Stephen King- Cabeza de Cono

En la primavera de 1970, cuando tenía 22 años, fui arrestado por la policía de Maine, Orono. Luego de que pararan mi auto, en un control de tráfico, fui descubierto en posesión de cerca de tres docenas de conos de caucho, de los que se usan para el tráfico. Después de una dura noche de tomar té frío Long Island en el Motor Inn de la Universidad, choqué uno de esos conos mientras conducía rumbo a casa. Salté del auto y vi que estaba rasgado mi viejo Ford. Yo ya me había informado antes que la ciudad de Orono había estado ese día pintando cruces en las calles, y me di cuenta que habían puesto esos malditos conos por todos lados. Con la lógica de un borracho, decidí cruzar la ciudad -despacio, seguro y sano- y levantar todos los conos. Cada uno de ellos. Al día siguiente, los presentaría, junto con mi auto, a la Municipalidad, en una muestra de justo enojo.
La policía de Orono, que ya tenía razones para que yo nos les cayera bien (yo era un notorio "hippie" anti-Vietnam), estaba encantada con su captura. El oficial que me arrestó encontró suficientes conos como para elevar la falta a la categoría de "robo". Todo lo que sé es que fui apresado en mi segunda aventura tras los conos. Si hubiese sido atrapado con los cientos o más que ya había en mi departamento, quizás estaríamos hablando de "robo agravado".

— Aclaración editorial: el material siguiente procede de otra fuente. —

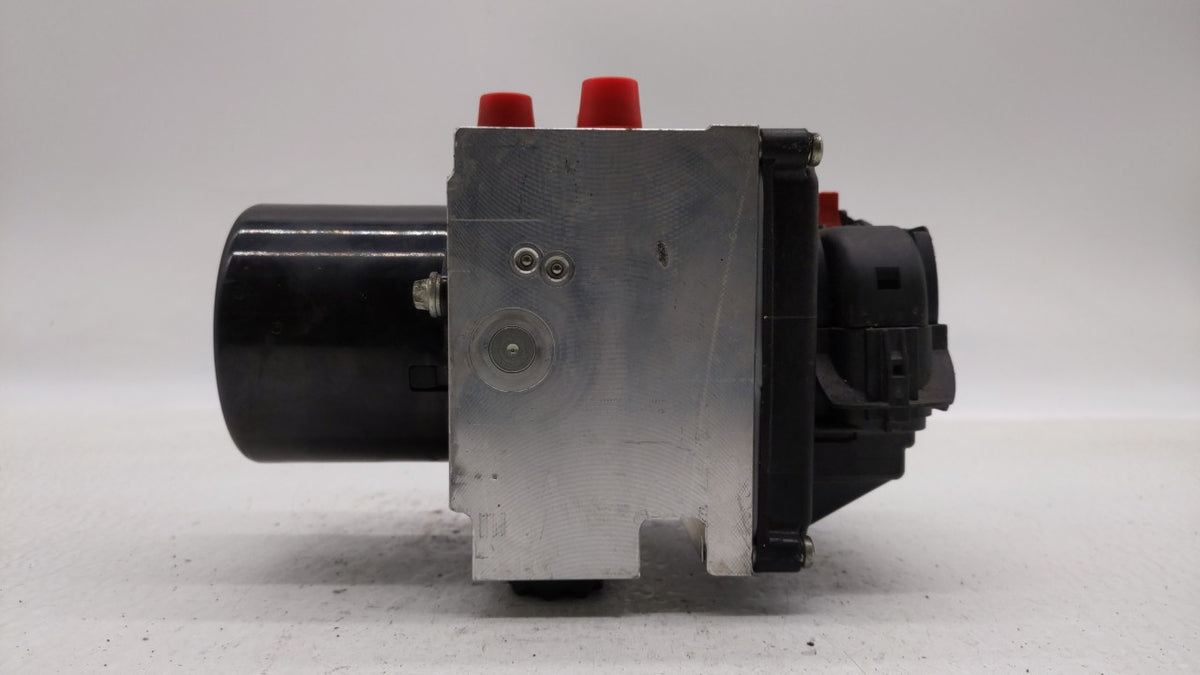 2009-2011 Volkswagen Cc Anti-Lock Brake ABS Pump Module Actuator OEM P/N:3C0.614.109.A 3C0.614.109.AF Fits Fits 2009 2010 20
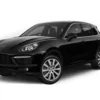 2012 Porsche Cayenne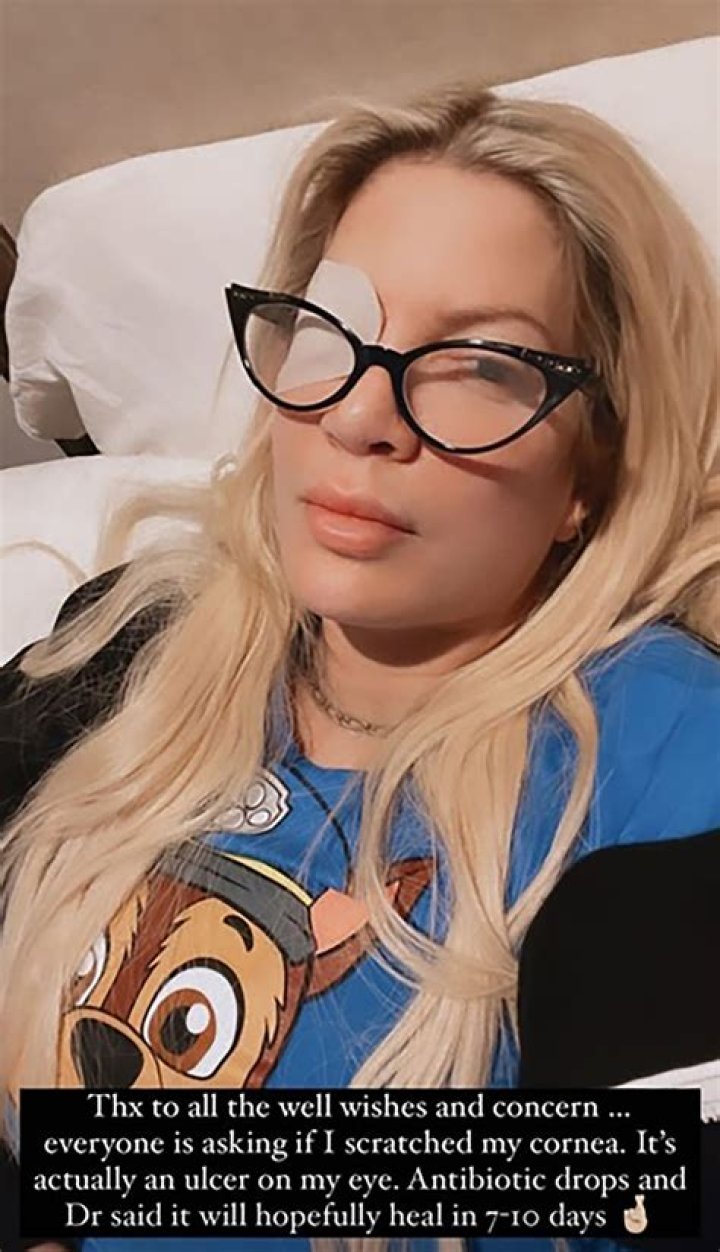 Tori Page Leaks: Uncovering The Controversy
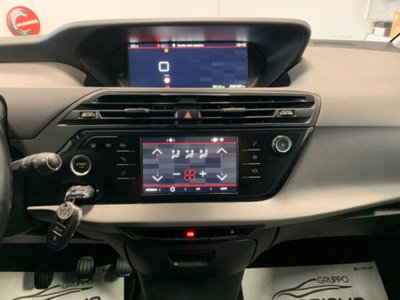 Citroen Grand C4 Picasso BlueHDi 120 S&S Shine (13)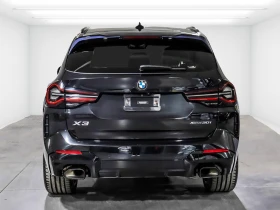 BMW X3 M-PK* M-BRAKES* PANO* INDIVIDUAL* FIONA RED* ����� | Mobile.bg � ����� ������ 3
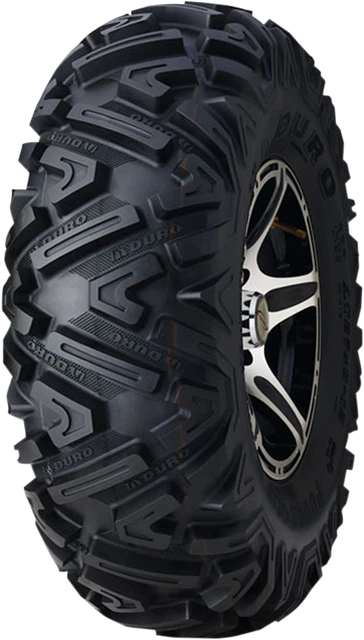 Duro DI2038 Power Grip II Tires 28X9R14 6PR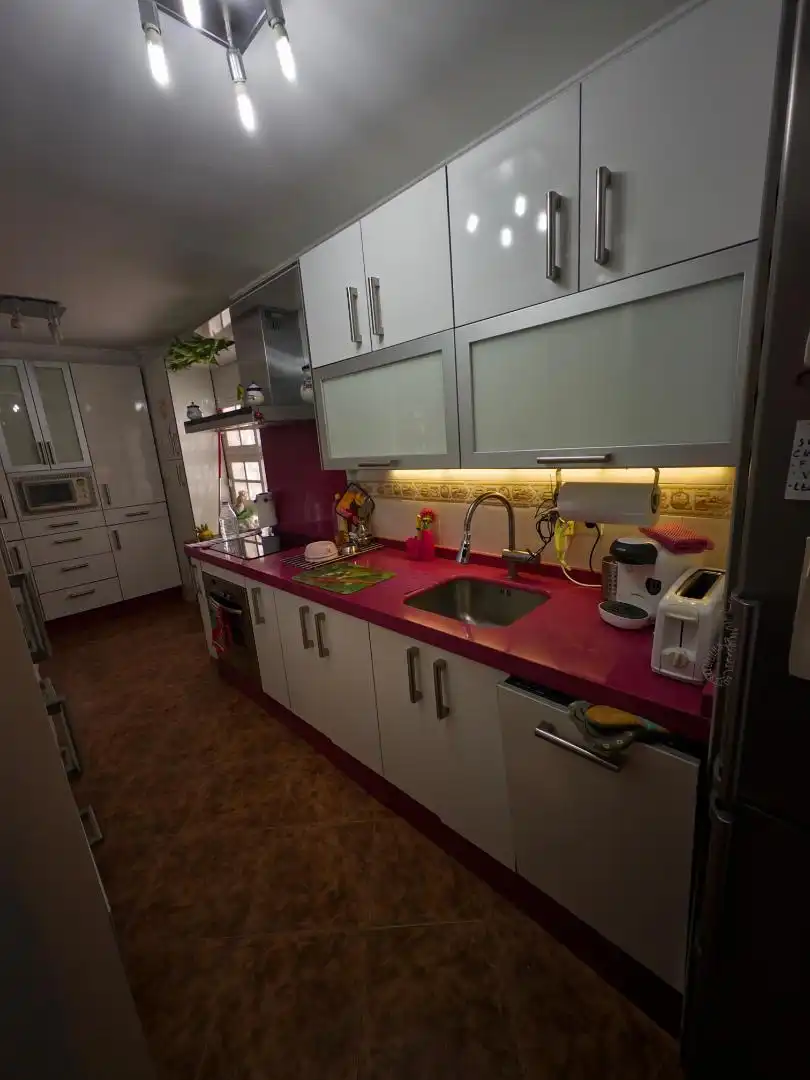 Cuina de Pis en venda en Huelva amb Aire condicionat, Calefacció i Terrassa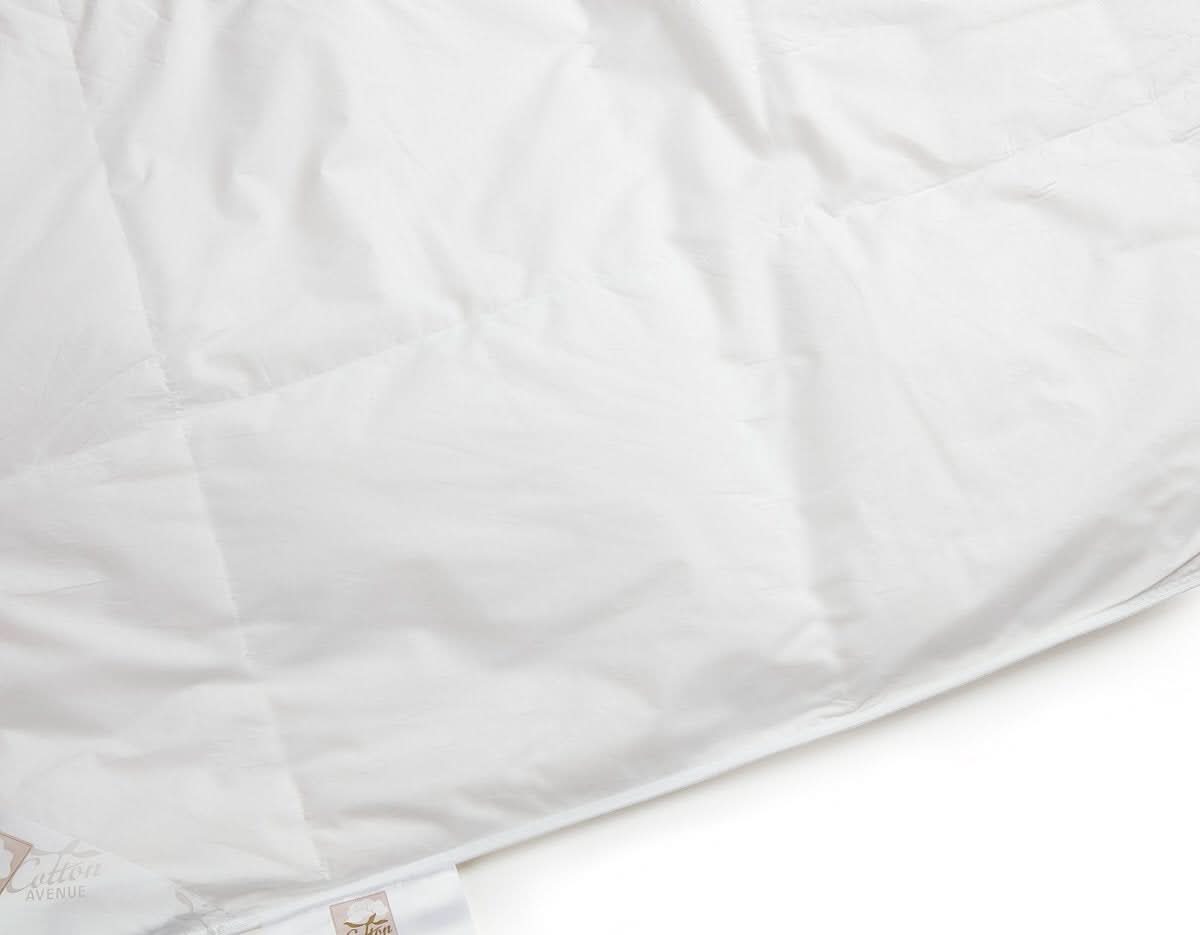 שמיכת מזגן – במילוי פלומה - פספרטו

Pasaron los meses. Me gradué en la Universidad de Maine. Con la potencial convicción del robo rondando en mi cabeza, busqué un trabajo de maestro. Pero los trabajos eran escasos, y todo lo que pude encontrar fue ser un "bombeador de combustible" cerca de la ciudad de Brewer. Mi jefe era una mujer. No recuerdo su nombre, pero la llamábamos Ellen. Ellen no sabía que tenía un juicio por robo en mi futuro. Por lo poco que me pagaba (creo que era un dólar con sesenta la hora), no creía que tuviera que saberlo.

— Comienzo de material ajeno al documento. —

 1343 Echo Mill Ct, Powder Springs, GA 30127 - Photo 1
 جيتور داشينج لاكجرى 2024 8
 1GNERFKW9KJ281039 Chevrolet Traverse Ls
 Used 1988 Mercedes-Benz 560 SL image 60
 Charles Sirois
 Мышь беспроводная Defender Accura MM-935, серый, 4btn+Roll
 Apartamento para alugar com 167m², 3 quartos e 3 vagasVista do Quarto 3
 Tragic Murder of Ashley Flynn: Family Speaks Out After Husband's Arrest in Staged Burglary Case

Había en ese momento una guerra de precios, y nosotros en la estación de Gas de la Interestatal 95 vendíamos normalmente el galón a veinticinco centavos. Pero esperen, amigos, había más. Con una recarga, tenían su oportunidad del Vaso (un vaso estilo cena, feo pero durable) o el Pan (una barra extra larga de un pan esponjoso y blanco). Si nos olvidábamos de preguntarle si podíamos revisarle el aceite, tenían su recarga gratis. Si me olvidaba de decirle gracias, lo mismo. Y piensen quien tenía que pagar las recargas gratuitas... Correcto, el olvidadizo empleado, que, en mi caso, estaba siempre medio quebrado; la cena en aquellos días consistía habitualmente de Cheerios freídos en manteca de cerdo.
En aquel entonces conocí a Tabitha Spruce, de Old Town, y le propuse casamiento. Ella aceptó, proponiéndome que encontrara un trabajo mejor que cargar gasolina. Pude entenderlo. ¿Quién quiere casarse con un tipo cuya máxima responsabilidad es preguntarle a los clientes si prefieren el Vaso o el Pan?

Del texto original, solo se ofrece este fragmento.